| Available data |
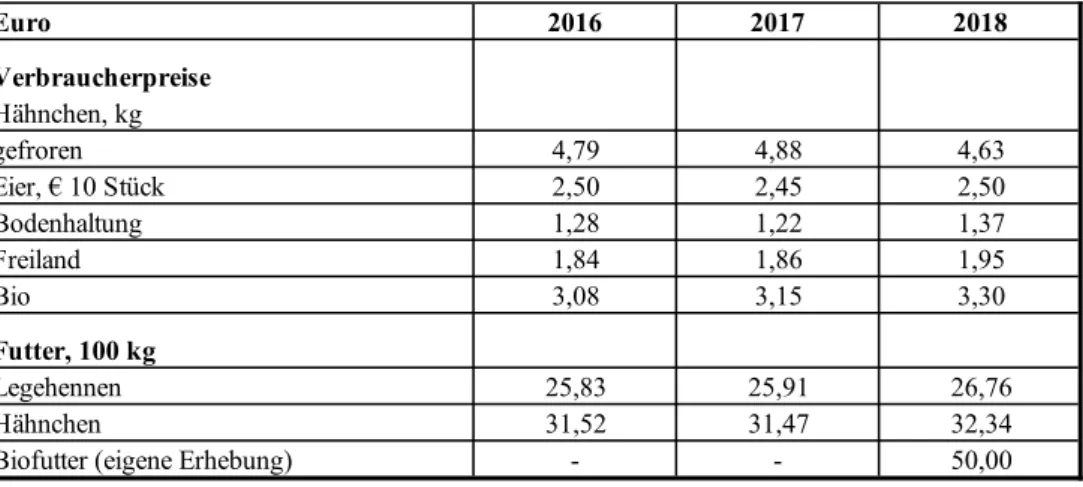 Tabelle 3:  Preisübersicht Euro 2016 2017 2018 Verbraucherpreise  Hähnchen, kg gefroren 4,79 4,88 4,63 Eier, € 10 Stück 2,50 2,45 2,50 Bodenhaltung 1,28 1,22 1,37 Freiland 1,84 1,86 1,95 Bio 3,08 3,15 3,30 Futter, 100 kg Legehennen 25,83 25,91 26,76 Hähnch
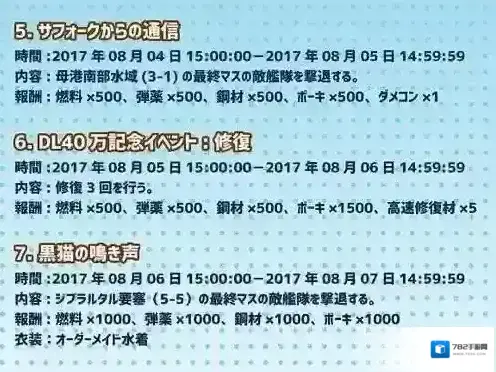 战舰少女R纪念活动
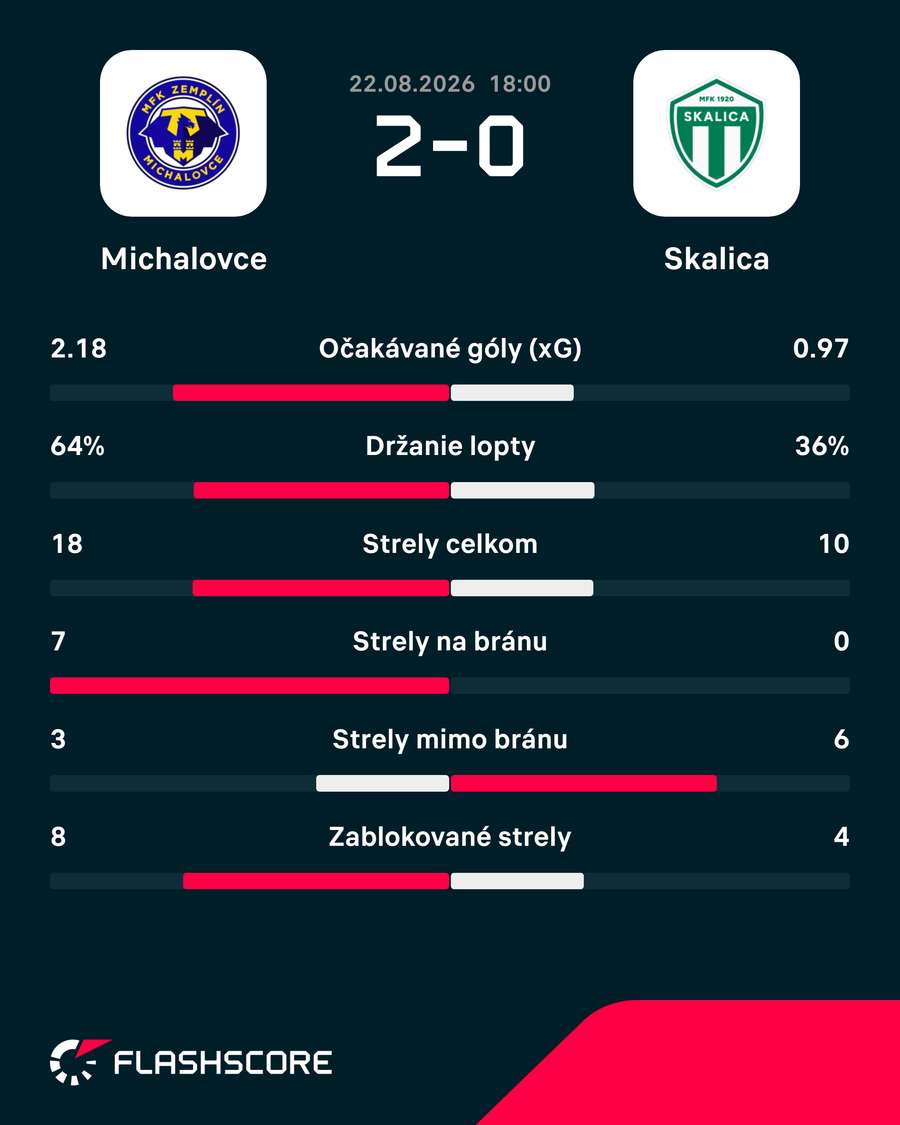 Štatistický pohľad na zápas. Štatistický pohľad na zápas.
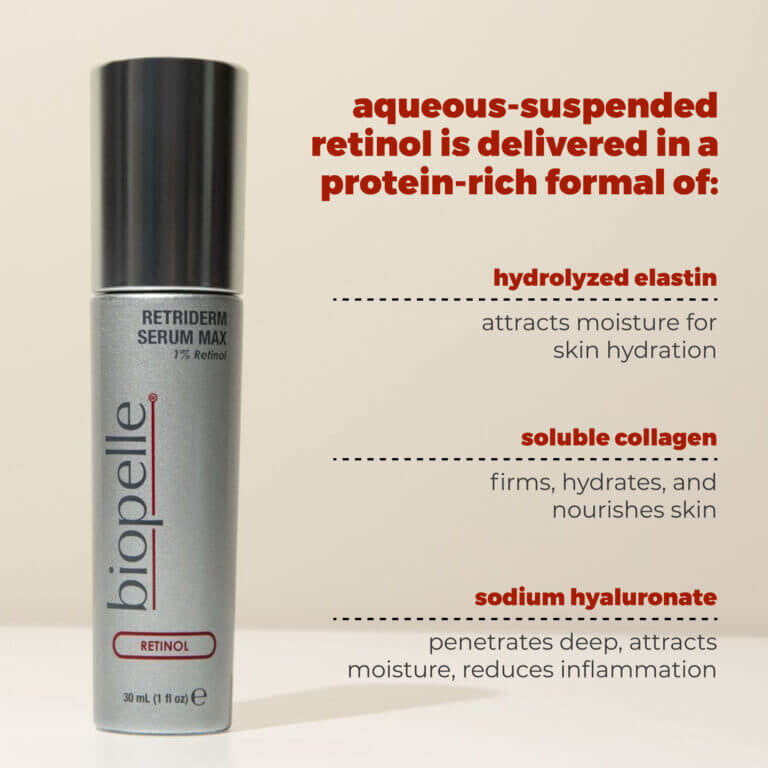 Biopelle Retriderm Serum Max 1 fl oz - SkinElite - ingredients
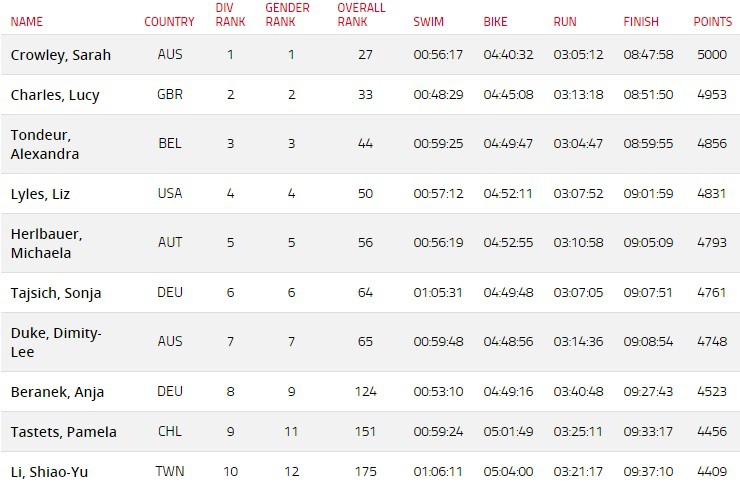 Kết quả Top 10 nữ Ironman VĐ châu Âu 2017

* * *

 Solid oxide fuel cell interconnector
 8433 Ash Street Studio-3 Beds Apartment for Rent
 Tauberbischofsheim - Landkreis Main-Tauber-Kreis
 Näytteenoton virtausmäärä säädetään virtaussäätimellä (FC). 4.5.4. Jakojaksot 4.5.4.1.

| Task prompt |
Produce an exact reproduction of the listing above, limited to the lines starting at the line with "Štatistický pohľad na zápas. Štatistický" and ending at the line with "Kết quả Top 10 nữ Ironman VĐ châu Âu 2017", both kept, with every picture left out.

| Solution to this exercise |
 Štatistický pohľad na zápas. Štatistický pohľad na zápas.
 Biopelle Retriderm Serum Max 1 fl oz - SkinElite - ingredients
 Kết quả Top 10 nữ Ironman VĐ châu Âu 2017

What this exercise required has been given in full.